4
votes

I have many documents (with an analyzed text field title). They have been indexed in Elasticsearch and now I need only to get the term frequency TF and inverse document frequency IDF for each term within the field title without having any query. (just indexing the documents and retrieving the inverted index of all terms in the field title)

Is that possible in Elasticsearch?

4

4 Answers

3
votes

I wrote a tutorial on how to get a term-document matrix from ES. This does cover getting TFs but not IDFs. This was for ES 1.6.0 using Python.

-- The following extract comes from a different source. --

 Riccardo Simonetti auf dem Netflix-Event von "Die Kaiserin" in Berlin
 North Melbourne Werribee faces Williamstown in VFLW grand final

For more you should have a look at the TermVector API.

1
votes
GET /YOUR_INDEX/YOUR_DOC_TYPE/YOUR_ID/_termvectors
{
  "fields" : ["YOUR_FIELD"],
  "term_statistics" : true,
  "field_statistics" : true
}

This will get the TF for every words in your document.

1
votes

In case someone still has a similar problem to OP's, I've created a Python module called inelastic that prints out an approximation of an Elasticsearch inverted index for a given index and field.

0
votes

No. You could maybe find a way to hack it together somehow. And on a per query basis you can use the EXPLAIN api eg https://www.elastic.co/guide/en/elasticsearch/reference/2.3/search-explain.html But there is no API to return this info.